This is the second post in preparation for the final exam for COMP 425 at Rice University. This post will be focusing on Very Long Instruction Word (VLIW).
What is VLIW?
One instruction with several operations each encoded with RISC style instruction formats.
- Multiple operations packed into one instruction
- Classically, each operation slot is for a fixed function
- Constant operation latencies are specified
- Architecture requires guarantee of:
- Parallelism within an instruction => no dependency checks
- Nod data use before data ready => no data interlocks
Superscalar versus VLIW
- In out-of-order execution, superscalar, scheduling is done in hardware
- VLIW: scheduling is done by the compiler.
- Schedules to maximize parallel execution
- Guarantees intra-instruction parallelism
- Schedules to avoid data hazards.
Compiler Support for Generating Instruction Level Parallelism
- Trace Scheduling (compiler optimization -> hardware)
- Find as much ILP (Instruction Level Parallelism) as possible
- Key steps
- Pick string of basic blocks, a trace, that represents most frequent branch path, using profiling feedback or compiler heuristics. (Note: a basic block is a a portion of the code within a program with only one entry point and only one exit point)
- Schedule whole “trace” at once
- add mixup code (compensation code0 to cope with branches jumping out of trace)
- Loop Unrolling (compiler optimization -> hardware)
- Good: increase the window of optimization
- Bad: the code size can grow considerably with loop unrolling
- VLIW Support for Compiler (architecture -> compiler)

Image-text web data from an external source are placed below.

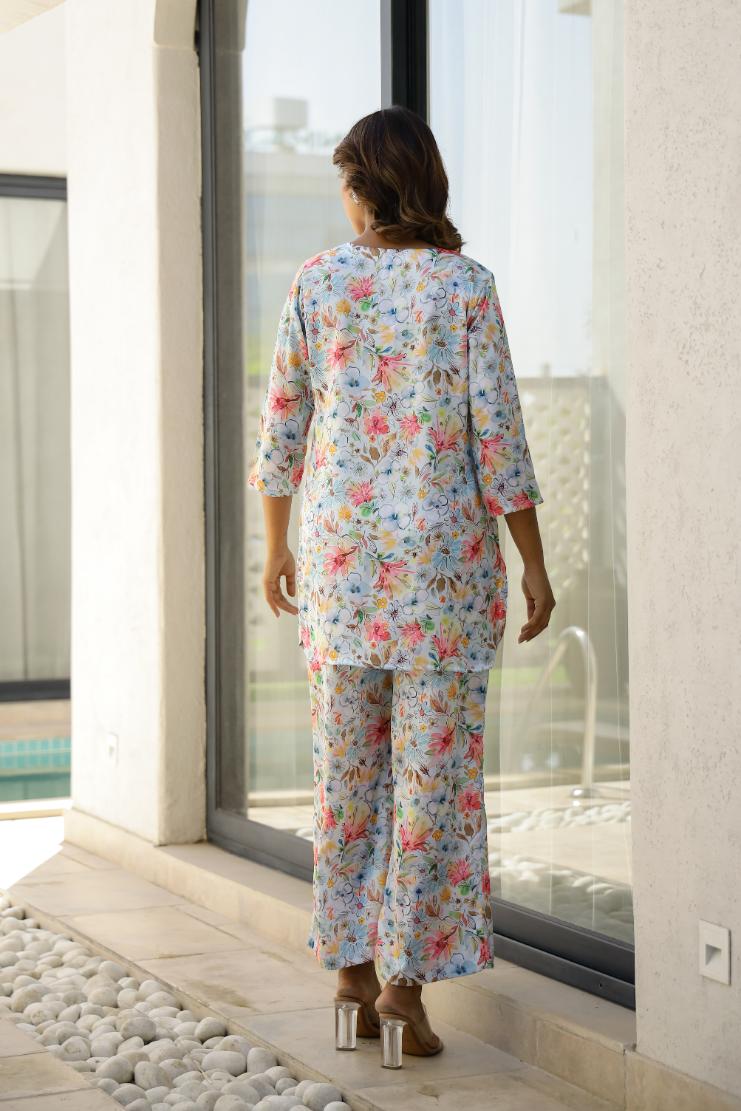 Stylera Floral Pajama Set for Women with a Relaxed Fit and Colorful Flower Design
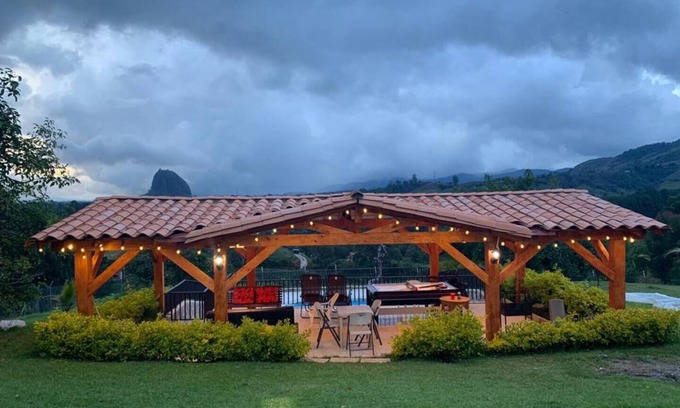 El Penol Cabaña | Finca con Kiosko, Piscina & Wi-Fi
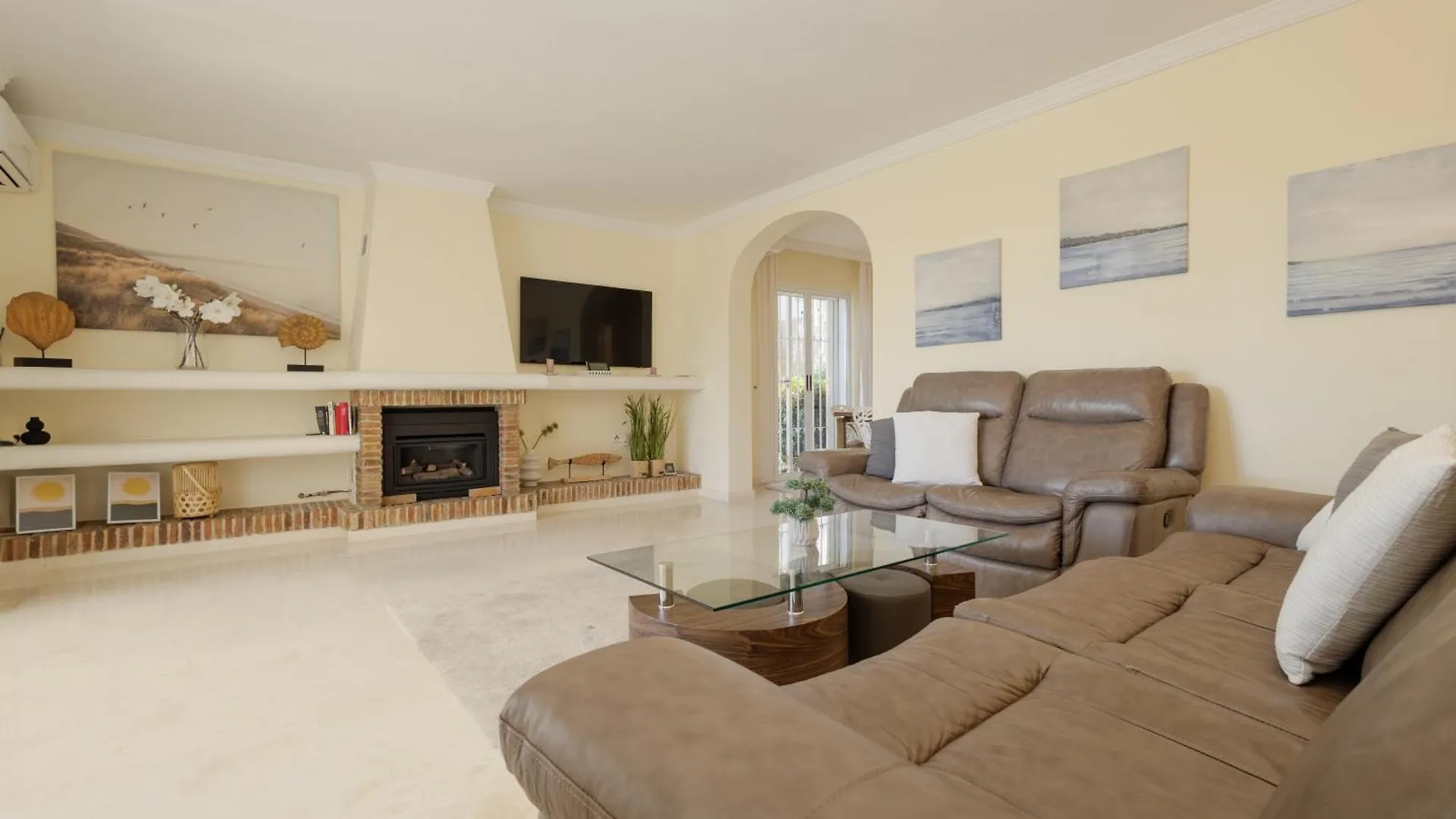Stunning Villa With Private Pool In Elviria Next To Golf Course Marbella 0*,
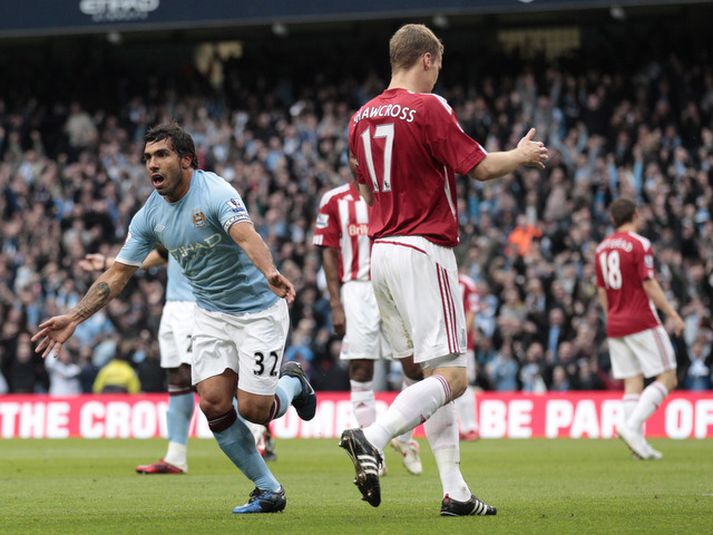 Carlos Tevez fagnar fyrra marki sínu.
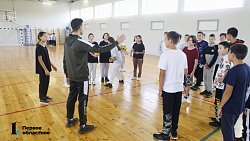 Алексей Текслер проинспектировал ФОК в Аргаяше и раскритиковал главу за детсад в Кулуево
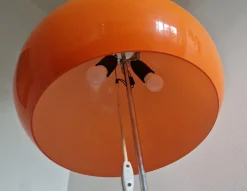 Moderne Midcentury Stehlampe von Guzzini, 1970er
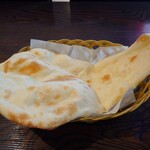 インドラキッチン - ナン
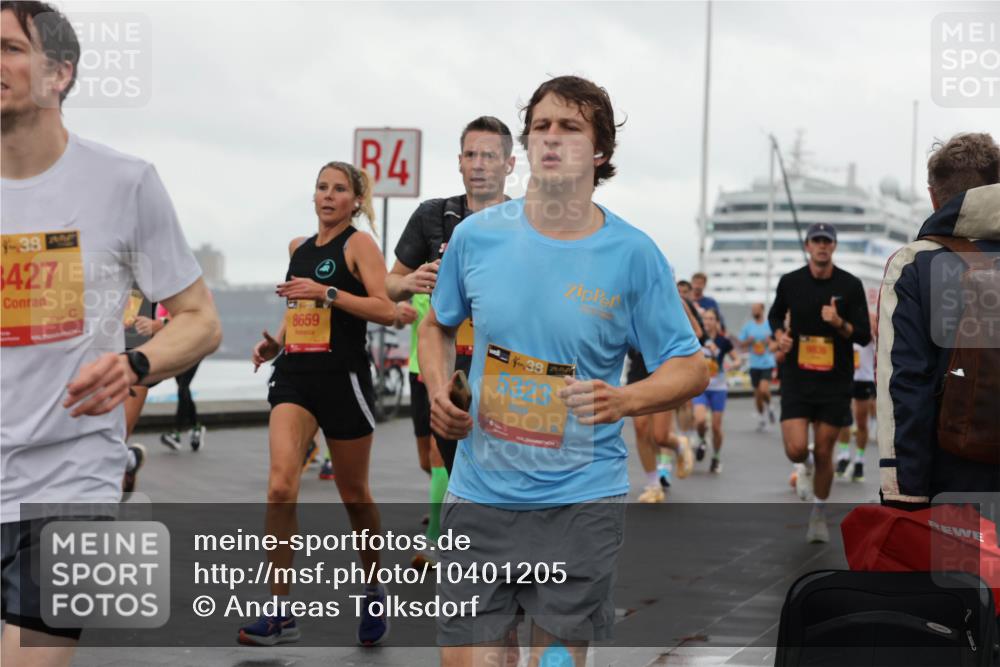13.09.2026 - Kiel Lauf Andreas Tolksdorf http://msf.ph/oto/10401205 13.09.2026 10:59:17 Kiellinie 38, 427, 4, 8659, 38, 5323 meine-sportfotos.de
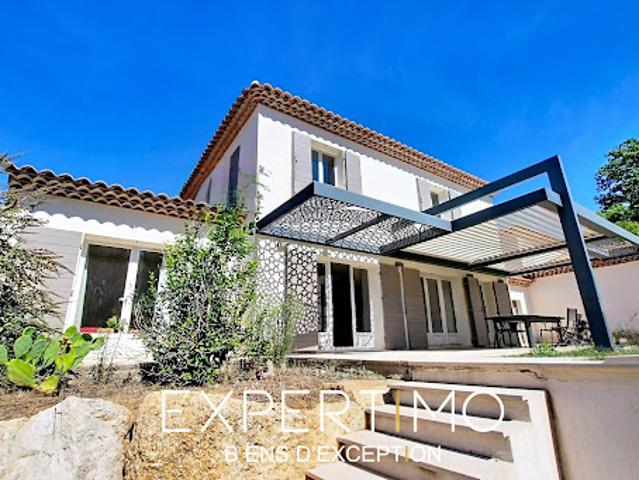 Maison avec piscine et jardin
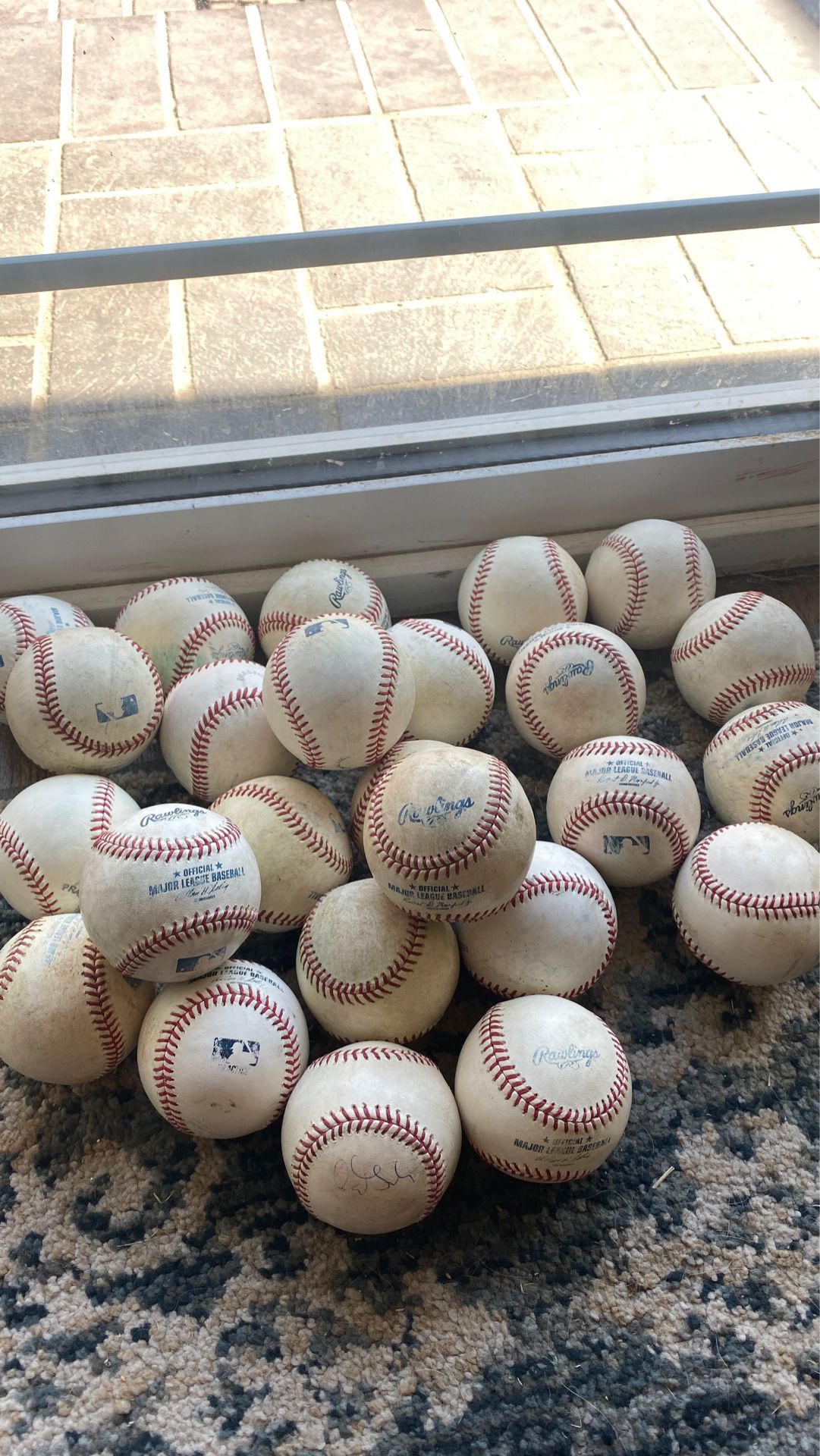 MLB BALLS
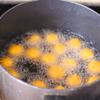 Viên bánh khoai thành những viên tròn nhỏ. Đun nóng dầu ăn trong nồi, cho khoai đã viên vào chiên cho đến khi chín vàng nổi lên trên rồi vớt ra đĩa là xong.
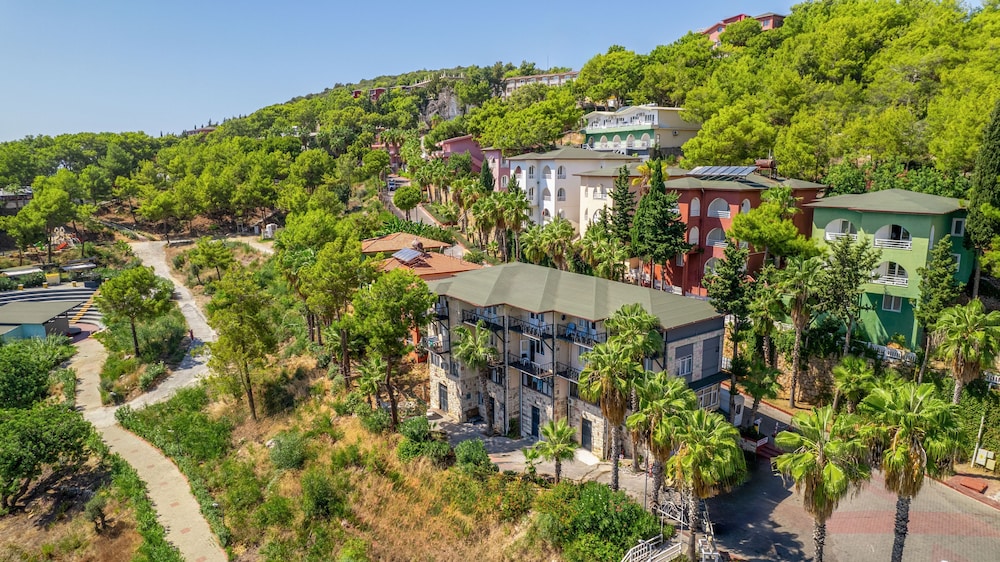 Senza Garden Holiday Club - All Inclusive — Hotel building in Alanya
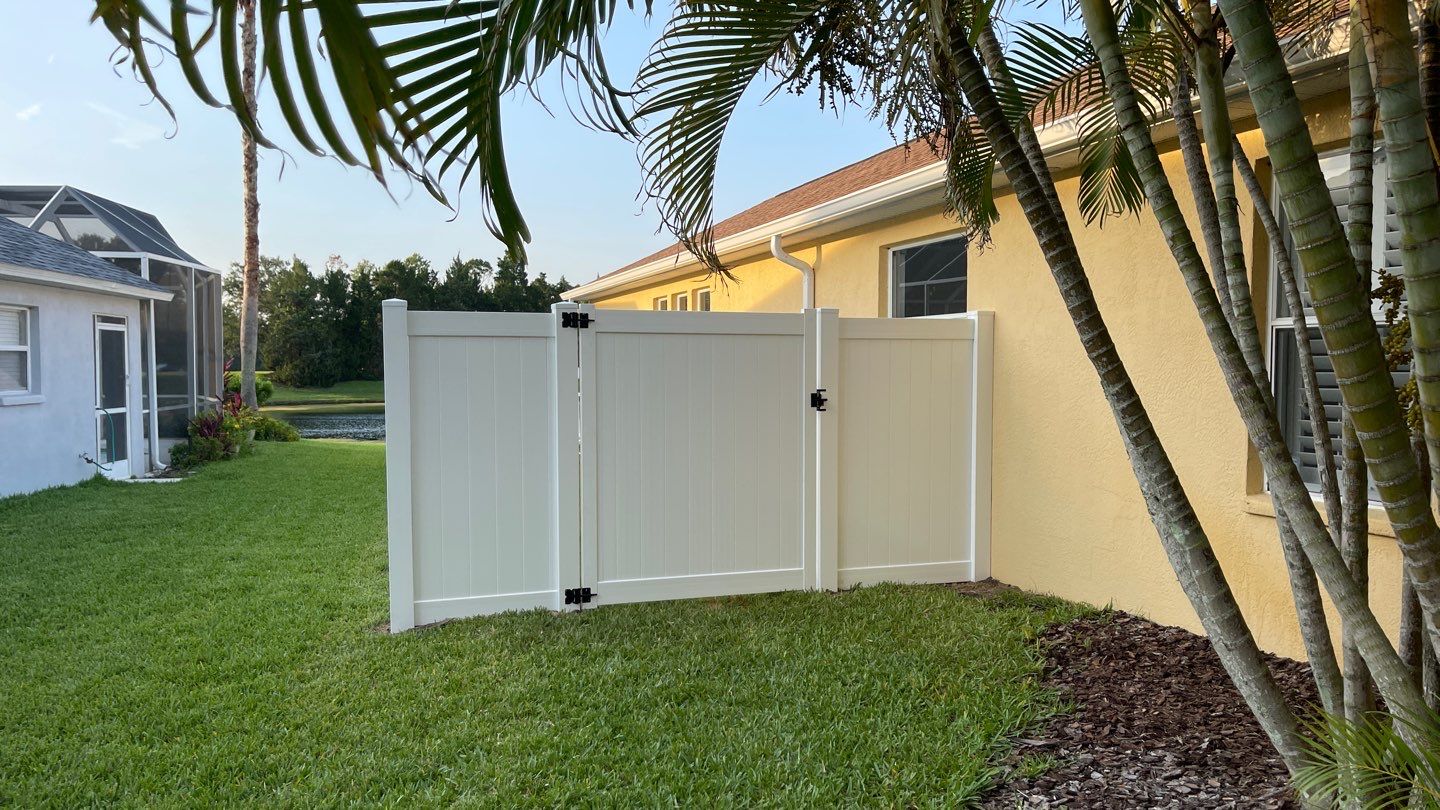 Lakewood Ranch, FL White Vinyl Privacy & Picket Fence by Asap fence and gates, LLC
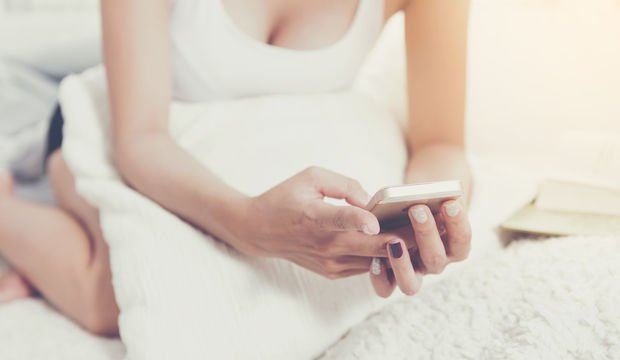 Eski sevgilinizi stalklamanız normal mi?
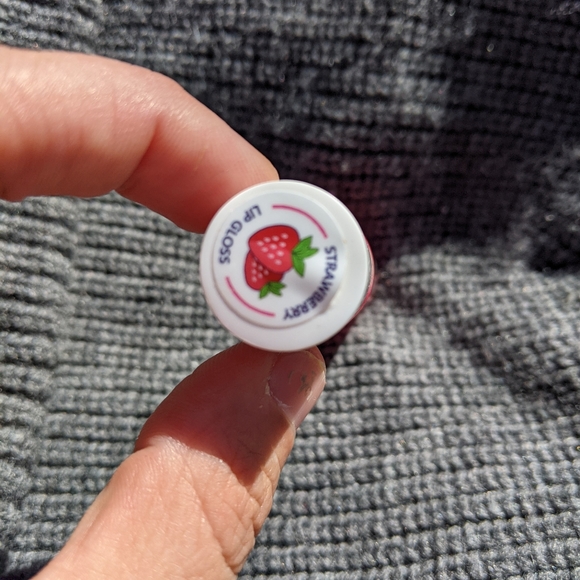 NEW Blossom Lip Gloss Strawberry 🍓! - Picture 2 of 7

- A VLIW can allow for a high degree of separation of confers between (1) Instruction Selection (2) Instruction Scheduling (3) Register Allocation [there is a large number of general purpose registers)
VLIW: Dependency analysis
The compiler’s job is to work with the processor’s instructions, dependencies, and latencies (blocks) to implement a program (original shape). VLIW enable flexibility of packing together instructions together.
C6x Instruction Format
In order to reduce no op in a VLIW, we can pack together instructions for multiple cycles in one instruction with the help of a p bit. The p bit determines what groups of instructions are executed in parallel. The instruction is scanned from left to right, if p bit of instruction i is 1, then instruction i+1 is executed in parallel with instruction i.